* Entries shown
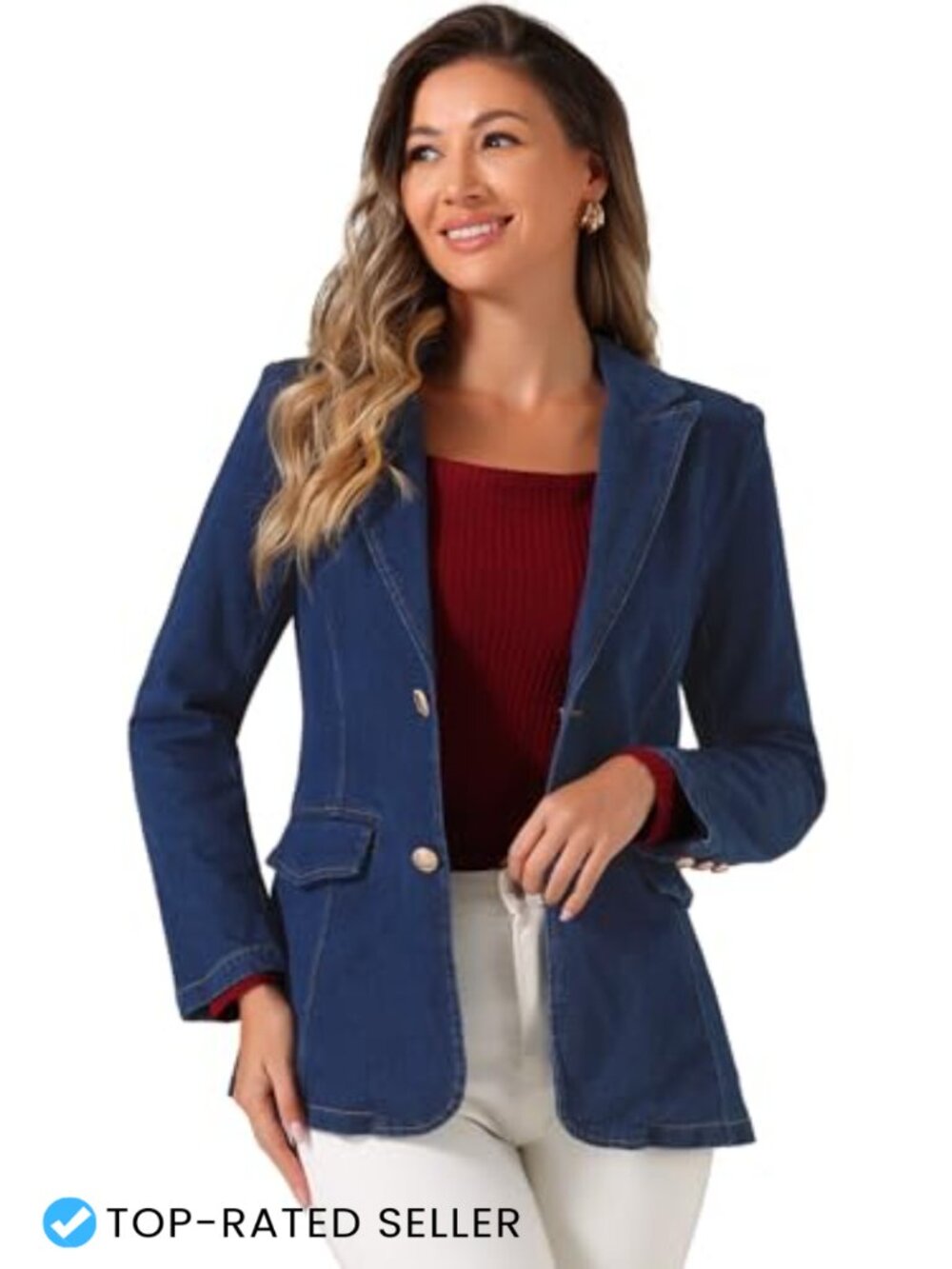 Notched Lapel Denim Blazer Flap Pockets Button Business Casual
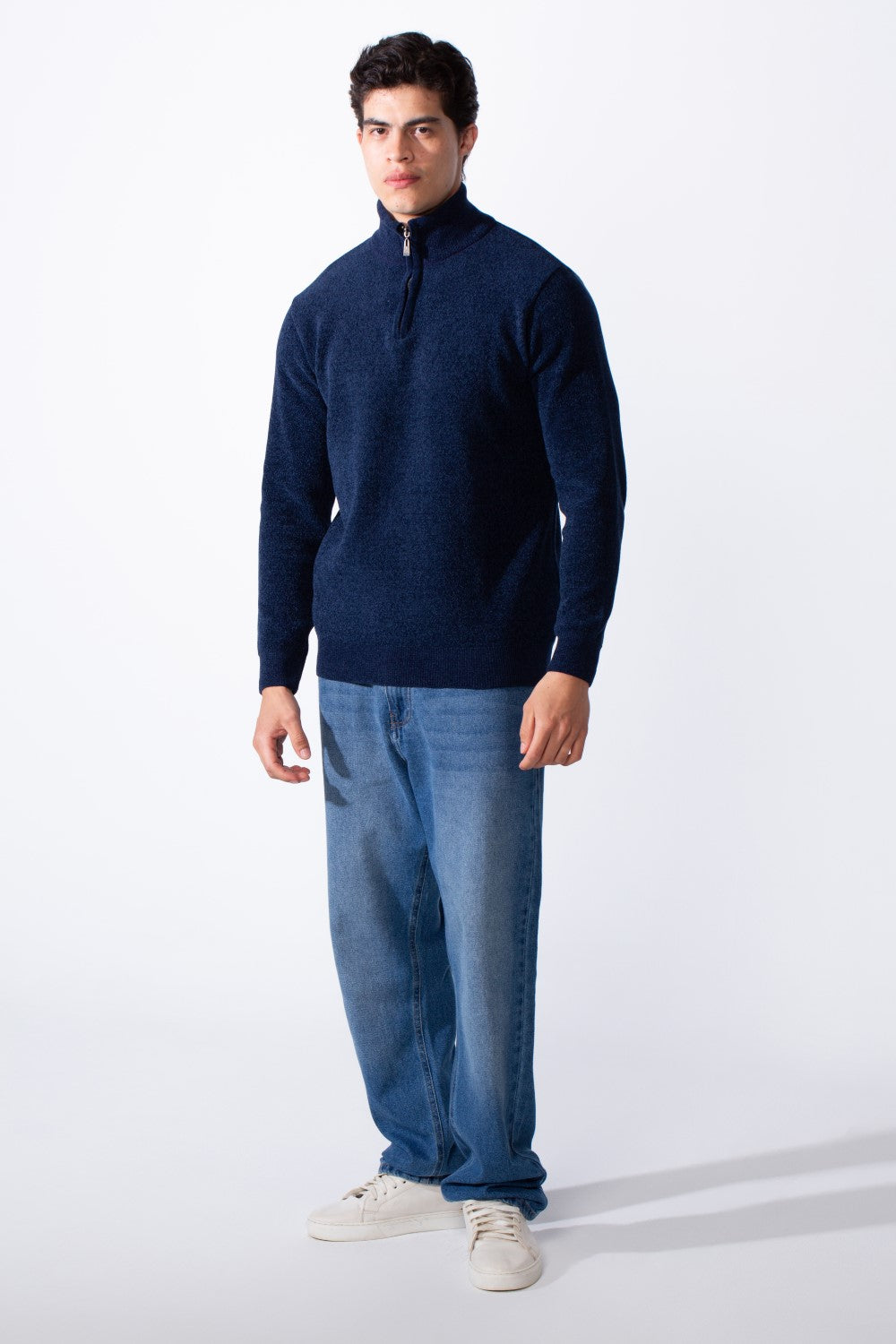 Men's Half Zip Long Sleeve Slim Fit High Mock Neck Knit Minimalist Pullover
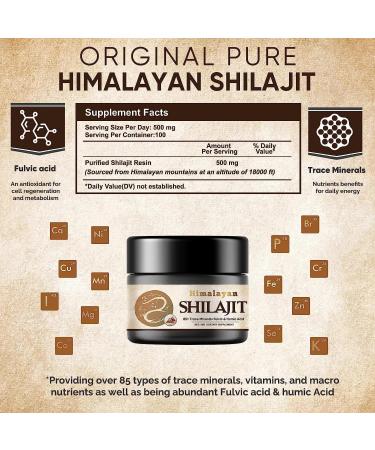 Pure Himalayan Shilajit Resin 50g - Organic with 85+ Trace Minerals & Fulvic Acid - Buy Online on GoSupps.com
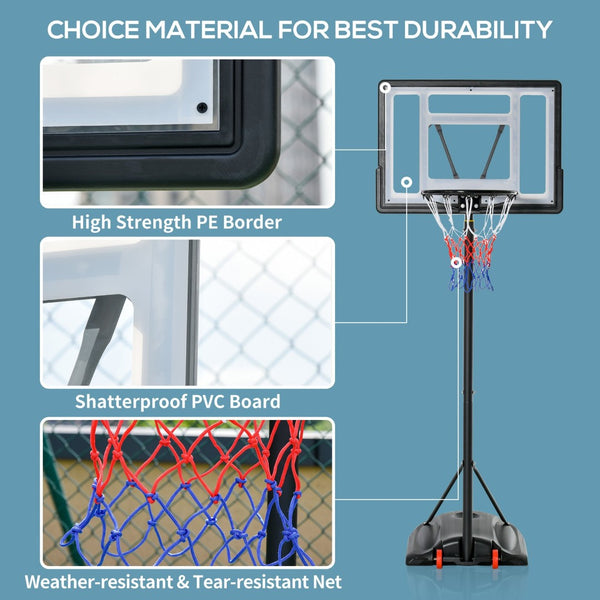 English Elm Soozier Portable Basketball Goal Steel Frame Adjustable Height Backboard with Wheels W2225P217773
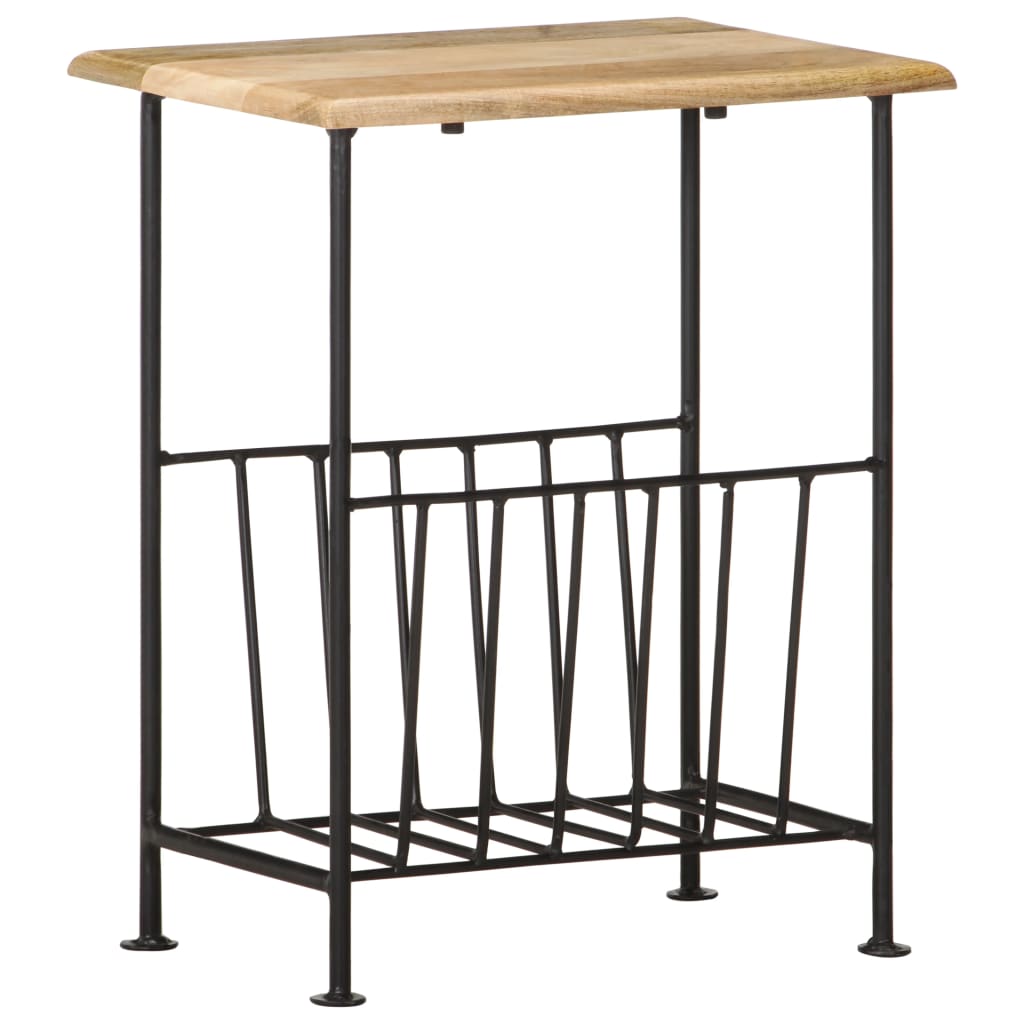 Magazine Rack 40x30x50 cm Solid Mango Wood and Steel - R and M Furniture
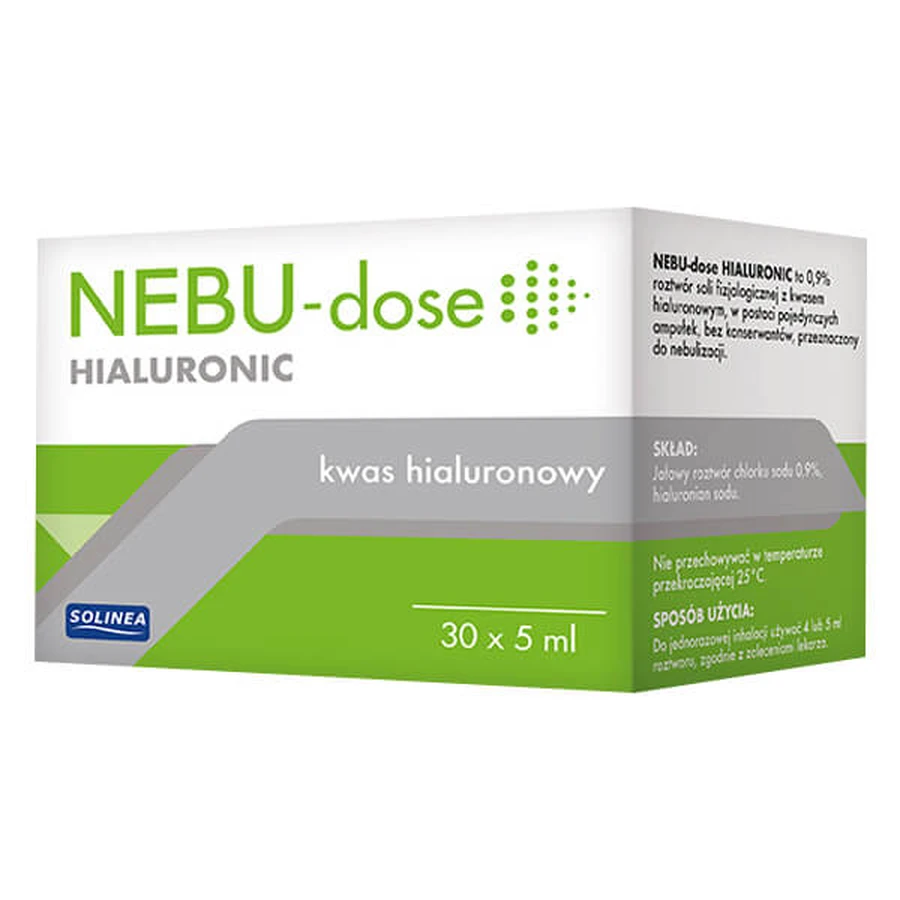 Nebu-Dose Soluzione ialuronica per nebulizzazione con acido ialuronico 0,9%, CONFEZIONE DANNEGGIATA, 5 ml x 30 fiale, Solinea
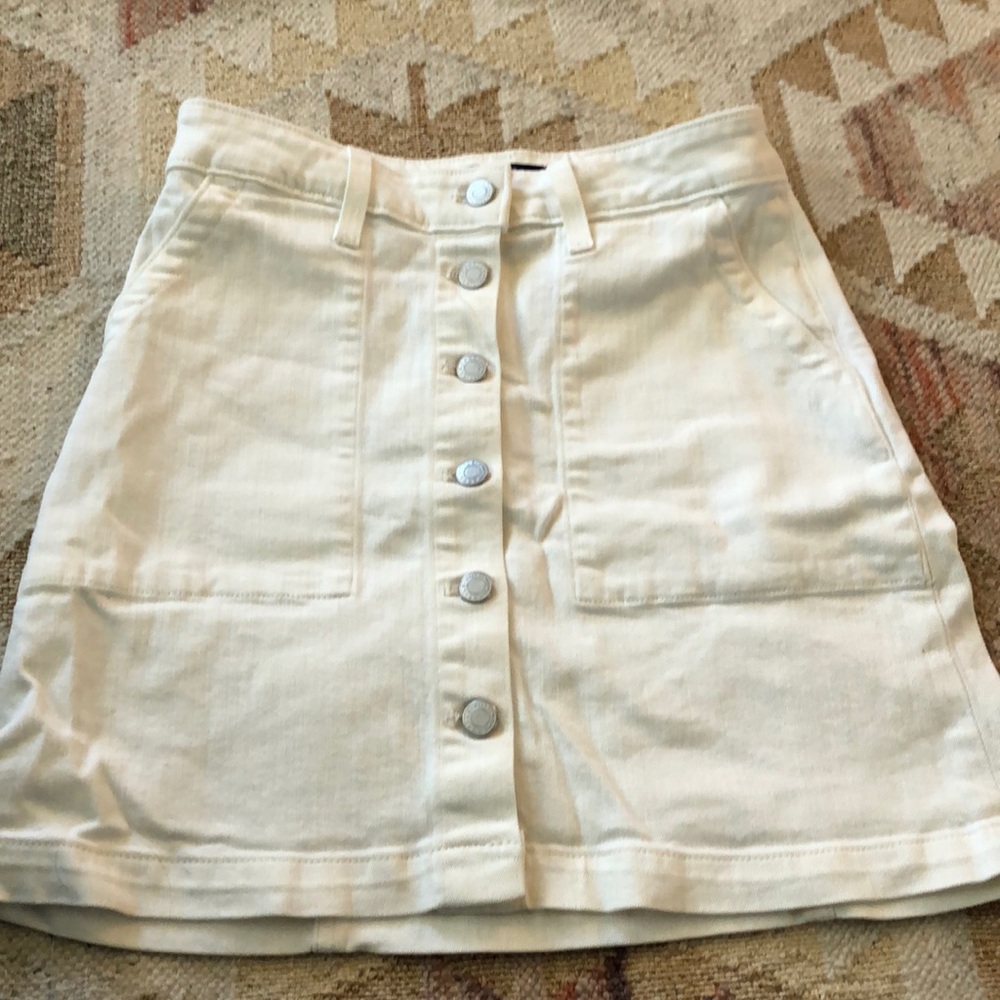J Crew Skirt | white denim button front skirt | Size 0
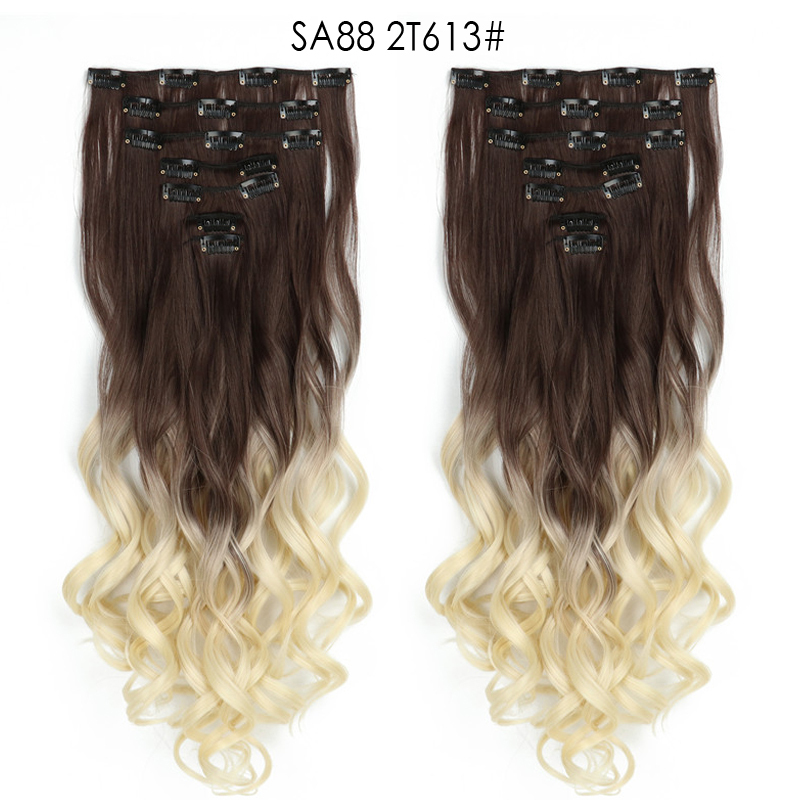 22 inch Ombre Wave  Clip in Hair Synthetic Extension Hairstyle 16 Clips 7Pcs/Set Synthetic  Hairpieces For Woman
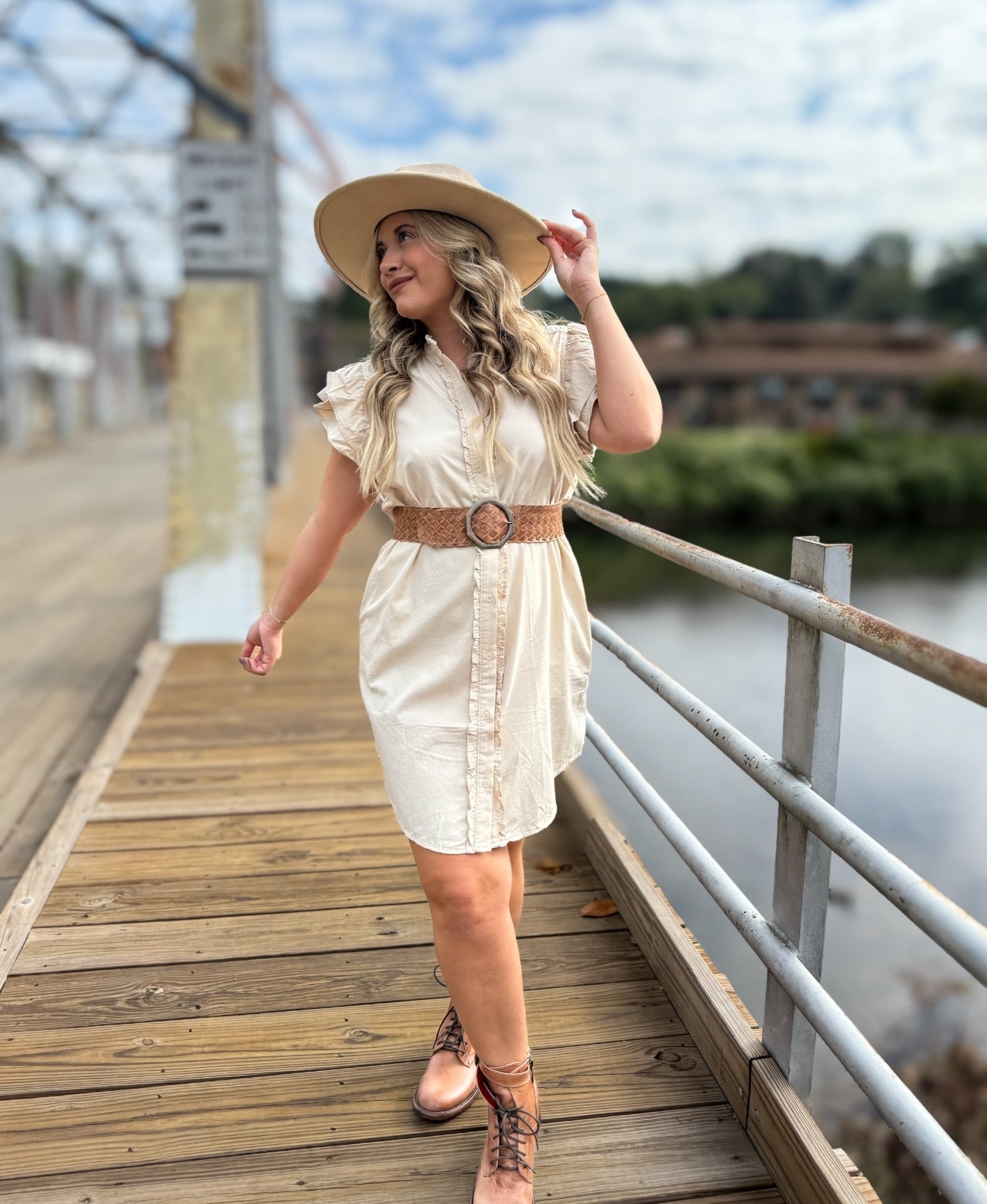 Bone Button Down Mini Dress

* Your objective
All entries must be output exactly as they stand, and every picture must be left out.

* Exercise solution
 Notched Lapel Denim Blazer Flap Pockets Button Business Casual
 Men's Half Zip Long Sleeve Slim Fit High Mock Neck Knit Minimalist Pullover
 Pure Himalayan Shilajit Resin 50g - Organic with 85+ Trace Minerals & Fulvic Acid - Buy Online on GoSupps.com
 English Elm Soozier Portable Basketball Goal Steel Frame Adjustable Height Backboard with Wheels W2225P217773
 Magazine Rack 40x30x50 cm Solid Mango Wood and Steel - R and M Furniture
 Nebu-Dose Soluzione ialuronica per nebulizzazione con acido ialuronico 0,9%, CONFEZIONE DANNEGGIATA, 5 ml x 30 fiale, Solinea
J Crew Skirt | white denim button front skirt | Size 0
 22 inch Ombre Wave  Clip in Hair Synthetic Extension Hairstyle 16 Clips 7Pcs/Set Synthetic  Hairpieces For Woman
 Bone Button Down Mini Dress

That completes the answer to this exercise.